Re: [PATCH 2/2] drm/amdgpu: fix vcn sw init failed

Alex Deucher <alexdeucher@xxxxxxxxx> · Wed, 13 Nov 2024 16:43:48 -0500

On Wed, Nov 13, 2024 at 12:32 AM Lazar, Lijo <lijo.lazar@xxxxxxx> wrote:
>
>
>
> On 11/13/2024 10:54 AM, Alex Deucher wrote:
> > On Wed, Nov 13, 2024 at 12:03 AM Lazar, Lijo <lijo.lazar@xxxxxxx> wrote:
> >>
> >>
> >>
> >> On 11/13/2024 10:16 AM, Alex Deucher wrote:
> >>> On Tue, Nov 12, 2024 at 10:24 PM Lazar, Lijo <lijo.lazar@xxxxxxx> wrote:
> >>>>
> >>>>
> >>>>
> >>>> On 11/13/2024 7:58 AM, Zhang, Jesse(Jie) wrote:
> >>>>> [AMD Official Use Only - AMD Internal Distribution Only]
> >>>>>
> >>>>> Hi, Lijo,
> >>>>>
> >>>>> -----Original Message-----
> >>>>> From: Lazar, Lijo <Lijo.Lazar@xxxxxxx>
> >>>>> Sent: Tuesday, November 12, 2024 10:54 PM
> >>>>> To: Zhang, Jesse(Jie) <Jesse.Zhang@xxxxxxx>; amd-gfx@xxxxxxxxxxxxxxxxxxxxx
> >>>>> Cc: Deucher, Alexander <Alexander.Deucher@xxxxxxx>; Koenig, Christian <Christian.Koenig@xxxxxxx>; Prosyak, Vitaly <Vitaly.Prosyak@xxxxxxx>; Huang, Tim <Tim.Huang@xxxxxxx>
> >>>>> Subject: Re: [PATCH 2/2] drm/amdgpu: fix vcn sw init failed
> >>>>>
> >>>>>
> >>>>>
> >>>>> On 11/12/2024 8:00 PM, Jesse.zhang@xxxxxxx wrote:
> >>>>>> [ 2875.870277] [drm:amdgpu_device_init [amdgpu]] *ERROR* sw_init of IP
> >>>>>> block <vcn_v4_0_3> failed -22 [ 2875.880494] amdgpu 0000:01:00.0:
> >>>>>> amdgpu: amdgpu_device_ip_init failed [ 2875.887689] amdgpu
> >>>>>> 0000:01:00.0: amdgpu: Fatal error during GPU init [ 2875.894791] amdgpu 0000:01:00.0: amdgpu: amdgpu: finishing device.
> >>>>>>
> >>>>>> Add irqs with different IRQ source pointer for vcn0 and vcn1.
> >>>>>>
> >>>>>> Signed-off-by: Jesse Zhang <jesse.zhang@xxxxxxx>
> >>>>>> ---
> >>>>>>  drivers/gpu/drm/amd/amdgpu/vcn_v4_0_3.c | 19 +++++++++++++------
> >>>>>>  1 file changed, 13 insertions(+), 6 deletions(-)
> >>>>>>
> >>>>>> diff --git a/drivers/gpu/drm/amd/amdgpu/vcn_v4_0_3.c
> >>>>>> b/drivers/gpu/drm/amd/amdgpu/vcn_v4_0_3.c
> >>>>>> index ef3dfd44a022..82b90f1e6f33 100644
> >>>>>> --- a/drivers/gpu/drm/amd/amdgpu/vcn_v4_0_3.c
> >>>>>> +++ b/drivers/gpu/drm/amd/amdgpu/vcn_v4_0_3.c
> >>>>>> @@ -83,6 +83,10 @@ static const struct amdgpu_hwip_reg_entry
> >>>>>> vcn_reg_list_4_0_3[] = {
> >>>>>>
> >>>>>>  #define NORMALIZE_VCN_REG_OFFSET(offset) \
> >>>>>>               (offset & 0x1FFFF)
> >>>>>> +static int amdgpu_ih_clientid_vcns[] = {
> >>>>>> +     SOC15_IH_CLIENTID_VCN,
> >>>>>> +     SOC15_IH_CLIENTID_VCN1
> >>>>>
> >>>>> This is not valid for 4.0.3. It uses only the same client id, different node_id to distinguish.

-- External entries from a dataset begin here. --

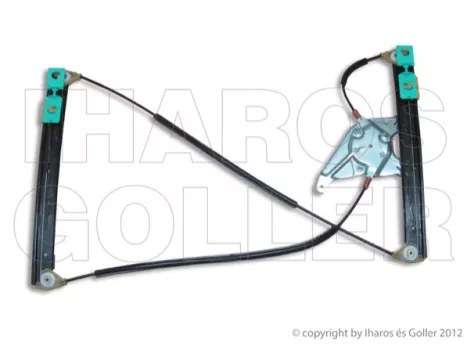 Audi A3 1996.09.01-2000.06.30 Ablakemelő motor nélkül, bal (3 ajtós) (0T0X)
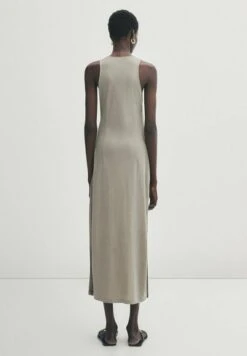 Massimo Dutti Midi With Knot Detail - Day Dress -Massimo Dutti Shop 8d764201258c4085b743bc3cb5bdf71c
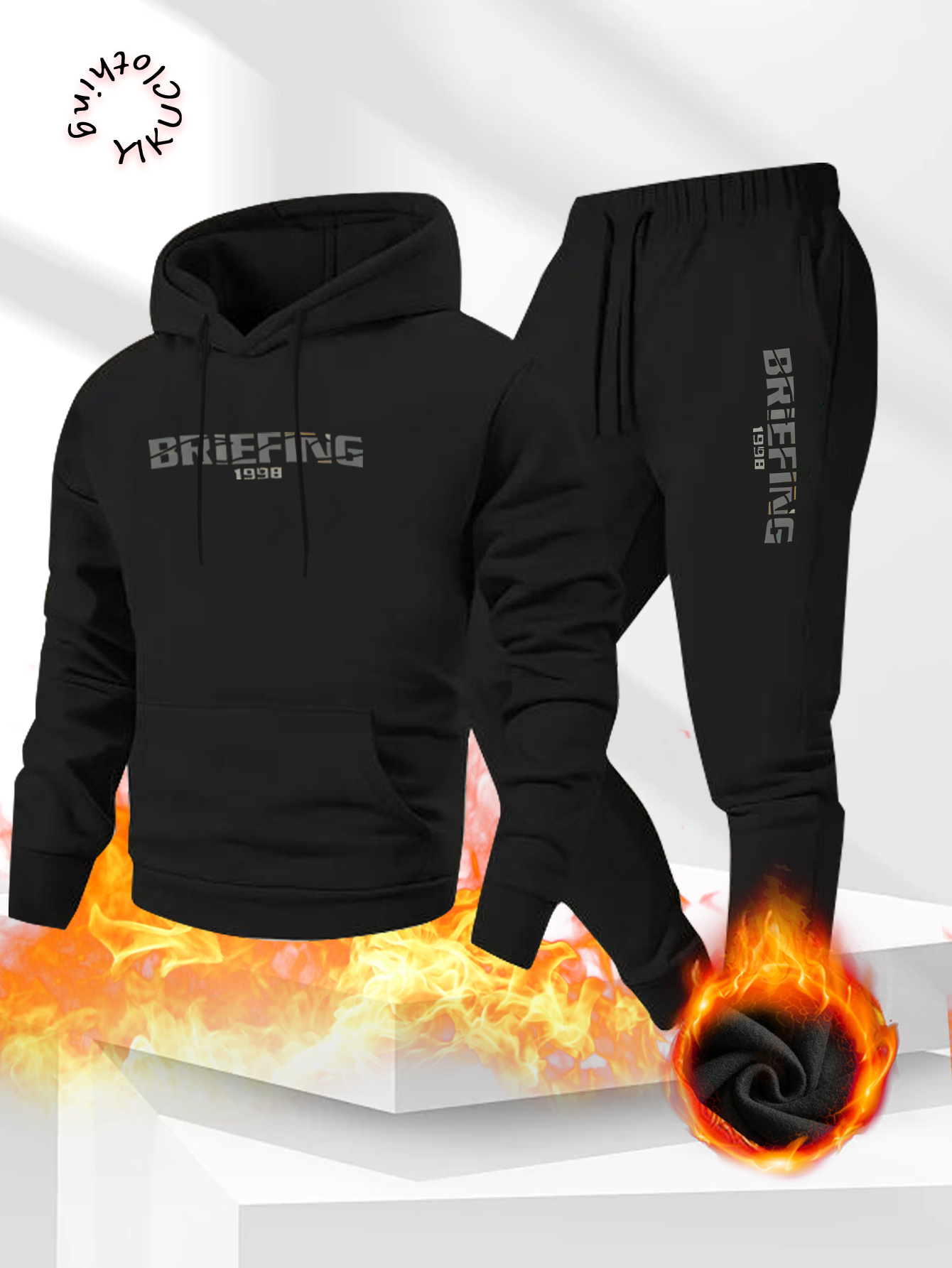 Trendy new loose-fitting men's - Outdoor Sportswear recension och pris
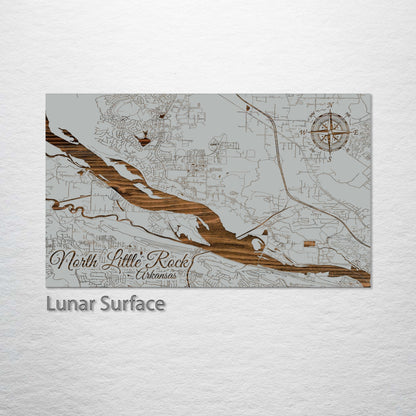 North Little Rock, Arkansas Street Map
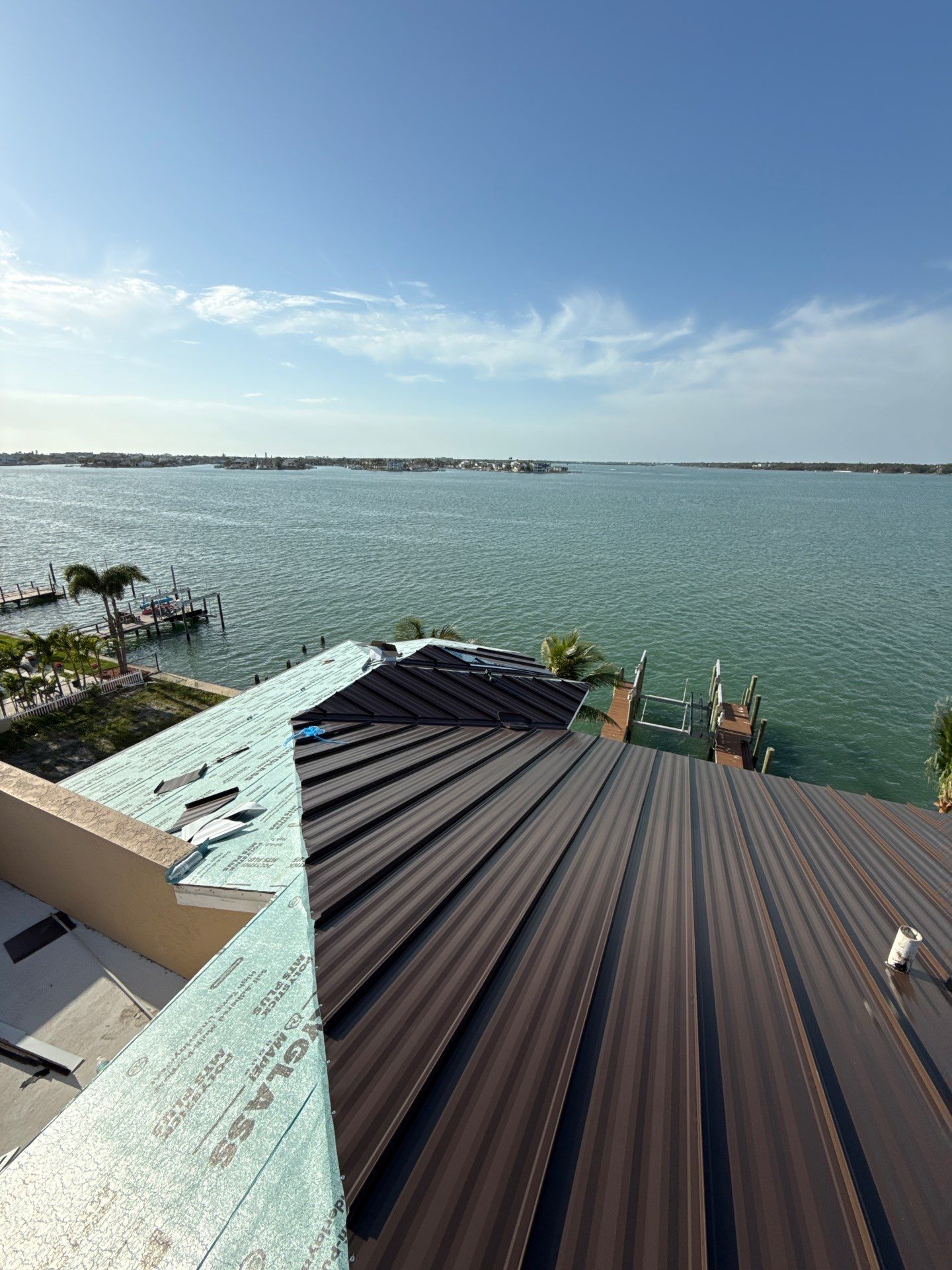 Project in Treasure Island 33706 by Mitchell Roofing Company LLC 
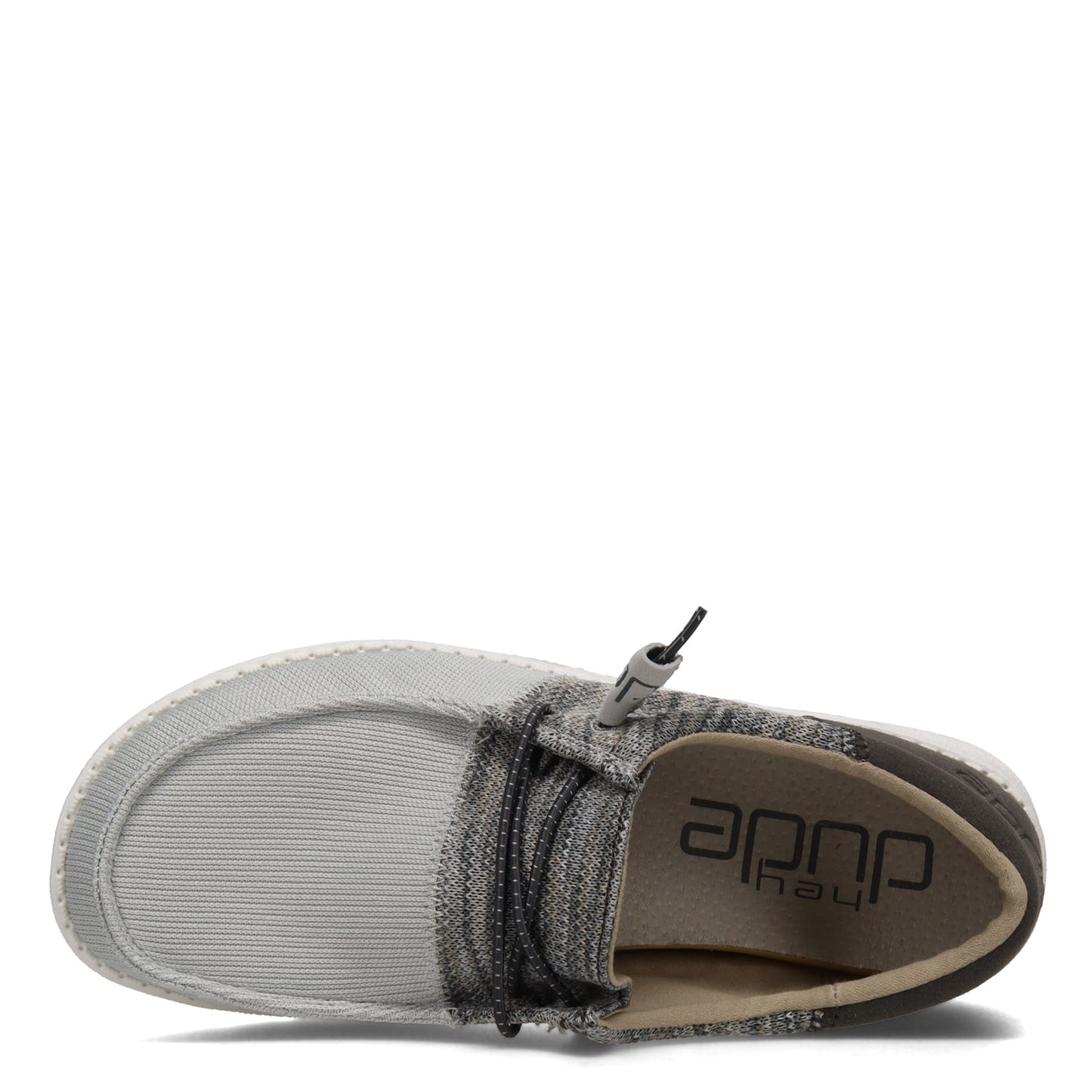 Peltz Shoes Women's Hey Dude Wendy Funk Slip-On GREY MUSK 121923183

Also, there are max of 4 instances.
> >>>>>
> >>>>> I would say that entire IP instance series was done in a haste without applying thought and breaks other things including ip block mask.
> >>>>>
> >>>>> If the same client id is used, it returns -EINVAL (because of the following check) and sw init fails at step vcn_v4_0_3_sw_init / amdgpu_irq_add_id.
> >>>>>
> >>>>> amdgpu_irq_add_id:
> >>>>> if (adev->irq.client[client_id].sources[src_id] != NULL)
> >>>>>         return -EINVAL;
> >>>>>
> >>>>
> >>>> We had some side discussions on IP block-per-instance approach.
> >>>> Personally, I was not in favour of it as I thought allowing IP block to
> >>>> handle its own instances is the better approach and that could handle
> >>>> dependencies between instances. Turns out that there are more like
> >>>> handling common things for all instances as in this example.
> >>>
> >>> We tried that route as well before this one and it was ugly as well.
> >>>
> >>>>
> >>>> I would prefer to revert the patch series and consider all angles before
> >>>> moving forward on the approach. Will leave this to Alex/Christian/Leo on
> >>>> the final decsion.
> >>>
> >>> Do the attached patches fix it?
> >>>
> >>
> >> This is kind of a piece-meal fix. This doesn't address the larger
> >> problem of how to handle things common for all IP instances.
> >
> > I think we'll need to handle them as we encounter them.  We can always
> > split common stuff out to helpers which can be used by multiple
> > instances.
>
> I don't think so. It made a fundamental change. We changed the base
> layer of considering IP as a single block. A common swinit or swfini is
> no longer the case. Consider how a sysfs initialization like
> enable_isolation could be handled if the same approach is taken for GFX IP.
>
> I would still say that we broke the current foundation with this
> approach and hoping that uppper layer fixes can help to hold things
> together. Or, it needs a start-from-scratch approach.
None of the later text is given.